The Transport Workers International Union of America, AFL-CIO (TWU), is supporting U.S. Airways’ proposal to buy AMR and merge with American Airlines. That is, if it’s better than AMR’s current standalone plan, and actually happens. The union represents thousands of American Airlines mechanics, but how would this move specifically affect MRO jobs at AMR? Those details are still unclear, we have some ideas.

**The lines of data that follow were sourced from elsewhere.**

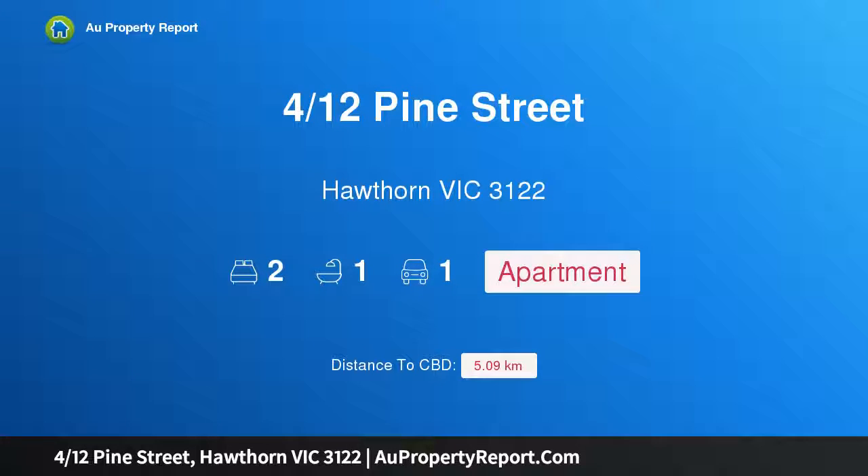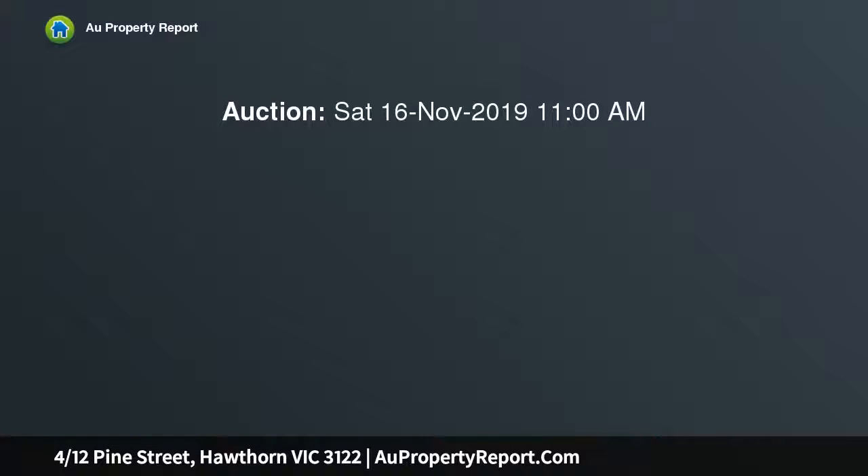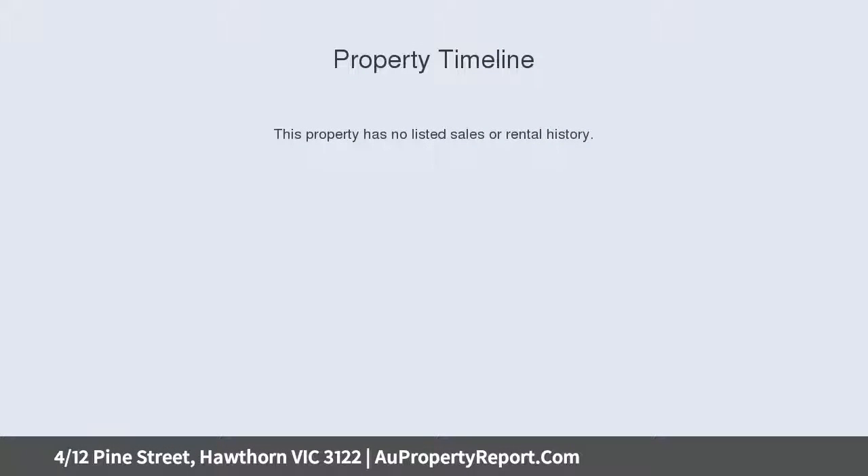Hi, I am glad to introduce property 412 Pine Street, Hawthorne Victoria 3122. Delightfully presented in a first-class locale, stylishly updated with considerable flair, this light-filled and spacious apartment in a delightful 1960s boutique block offers instant lifestyle and investment appeal, walking distance to the Yarra River and bike trails,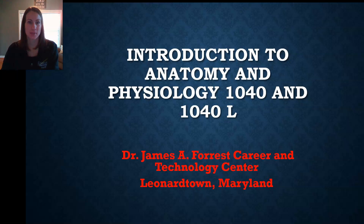Hello, my name is Amy Howell and I am the instructor for the Introduction to Anatomy and Physiology course taught here at the Tech Center. This is also year two of the Academy Health Professions program and we follow the BIO 1040 and 1040L curriculum that is taught at the College of Southern Maryland.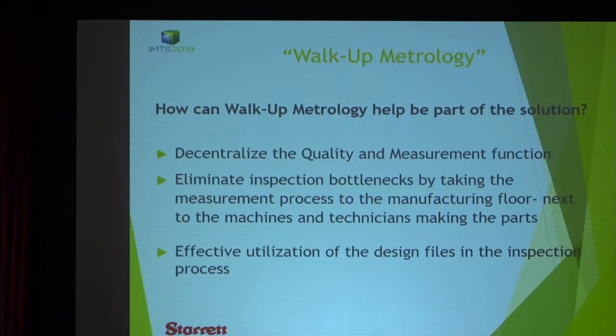So how can walk-up metrology be part of the solution for you? Mainly what we want to do is decentralize the quality and measurement function. Because oftentimes the historical model has been there's a quality lab, and there's parts being produced on a line or in a machining area, and the parts need to go into the quality lab and get measured. And that represents potential bottlenecks, and it's important to remove that.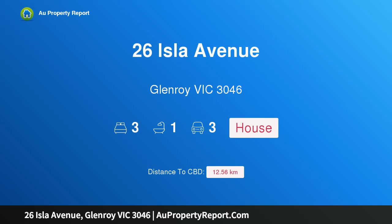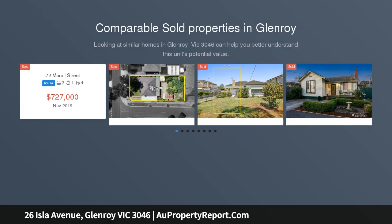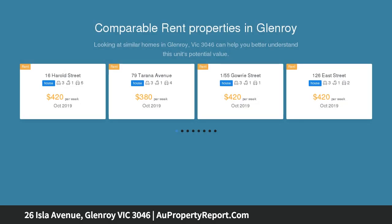Hi, I am glad to introduce property 26 Isla Avenue, Glenroy, Victoria 3046. A deceased estate, first time on offer since being built, this much loved and lived-in family home sits on a parcel of land measuring approximately 706 square meters, now available for sale in a prime Glenroy pocket. A perfect investment and superb development opportunity awaits you.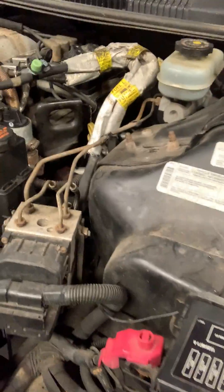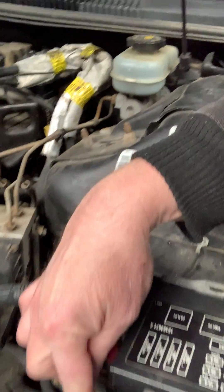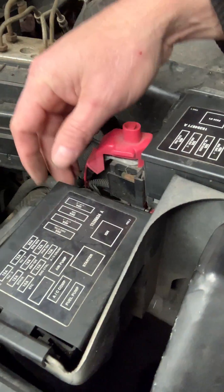I was getting fuel pressure, checked the spark, no spark, so went over to fuse box 2 under the hood here and located the ignition relay right here.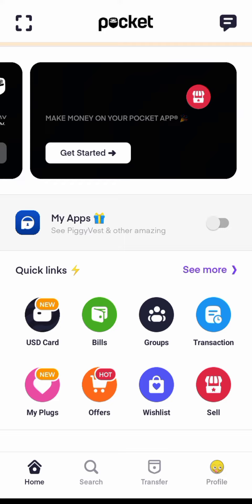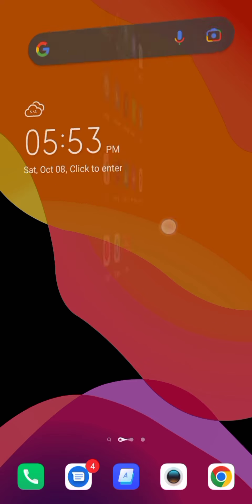I know you are watching this video because you want to see the best card you can use for arbitrage. I'll be revealing the card you can use for arbitrage. The app we are going to be using for this arbitrage is Pocket by Piggyvest — this is the icon.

James Little, TWU’s International President, says in a letter to members that the union will support U.S. Airways’ plan for a possible merger, under the conditions that the airline’s restructuring plan "for labor concessions is clearly less drastic than what AMR has demanded” and that U.S. Airways is legally allowed to enter the bankruptcy process and has a solid plan going forward. U.S. Airways is saying that the merger could save at least 6,200 positions of the 13,000 proposed cuts under American’s standalone plan. The Allied Pilots Association and The Association of Professional Flight Attendants also announced that they support the proposed merger.
“U.S. Airways’ management has approached TWU, as well as pilots and flight attendants, to discuss the changes they would seek in our labor contracts if they were able to merge and acquire American Airlines,” says the memo. “The company is currently profitable and could elevate American to a top-tier carrier. If a merger were to take place, it could help turn around our airline, give us new management and a path towards a more positive future, something that has long been missing in our work lives.”

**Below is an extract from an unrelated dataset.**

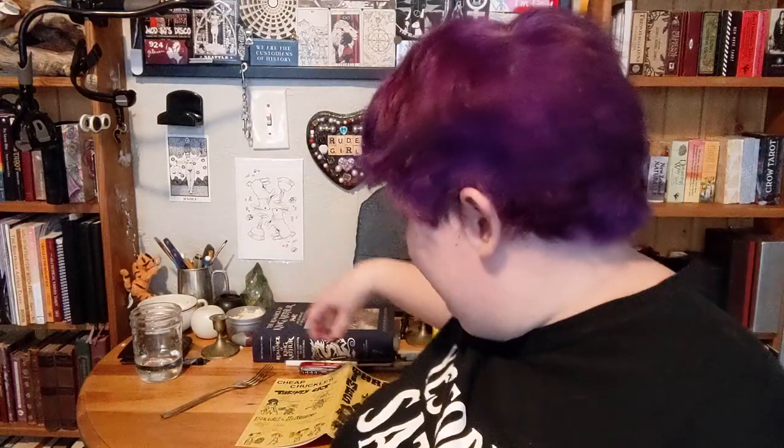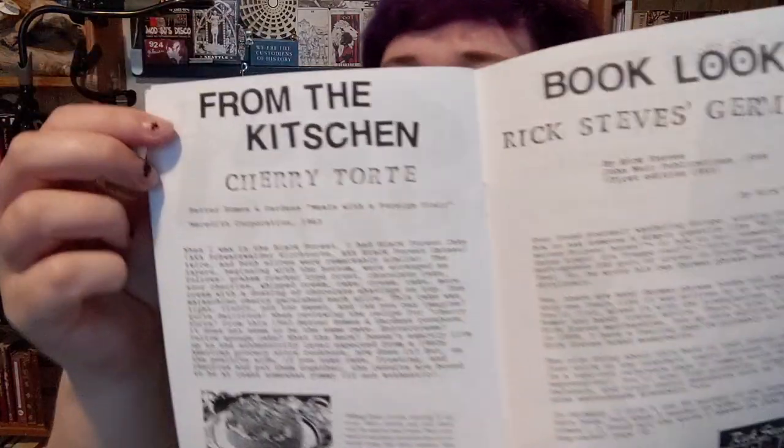So instead, I went with a recipe from Thrifty Times, which is an excellent local zine about thrifting and thrift store shopping — it's really, really fun. This is the Germany issue, and the recipe is from the kitchen: Cherry Torte. The story is about when they went to visit Germany and had a few different Black Forest cakes, or Schwarzwälder Kirschtorte, and basically when they got back they found this recipe that is supposedly a Black Forest style cherry torte.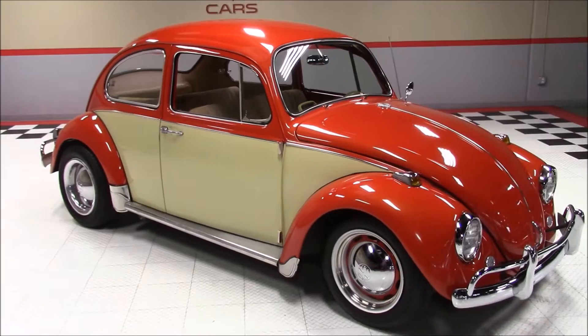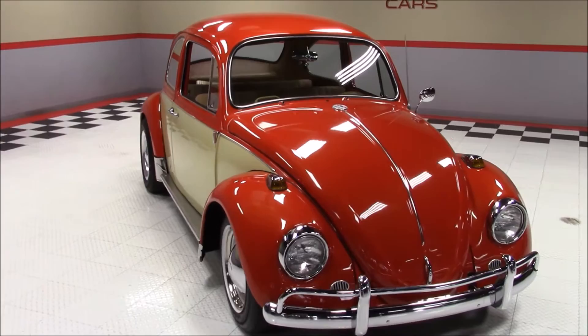Welcome back to Vegas Classic Muscle Cars Video Showcase. This is a 1967 Volkswagen Beetle. It's been painted Inferno Orange and Custom Cream.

However, Aviation Week Senior Transport Editor Darren Shannon reported today in his story “US Airways To Keep American’s Name, Texas HQ” that thousands of mechanics could still lose their jobs if this merger were to take place. After all AMR’s original plan says that 4,300 TWU-represented mechanics would be affected by the cuts.
It is worth it to mention that Little adds that TWU is close to finalizing changes for a "last, best offer" from AMR that is very different than what we have seen yet.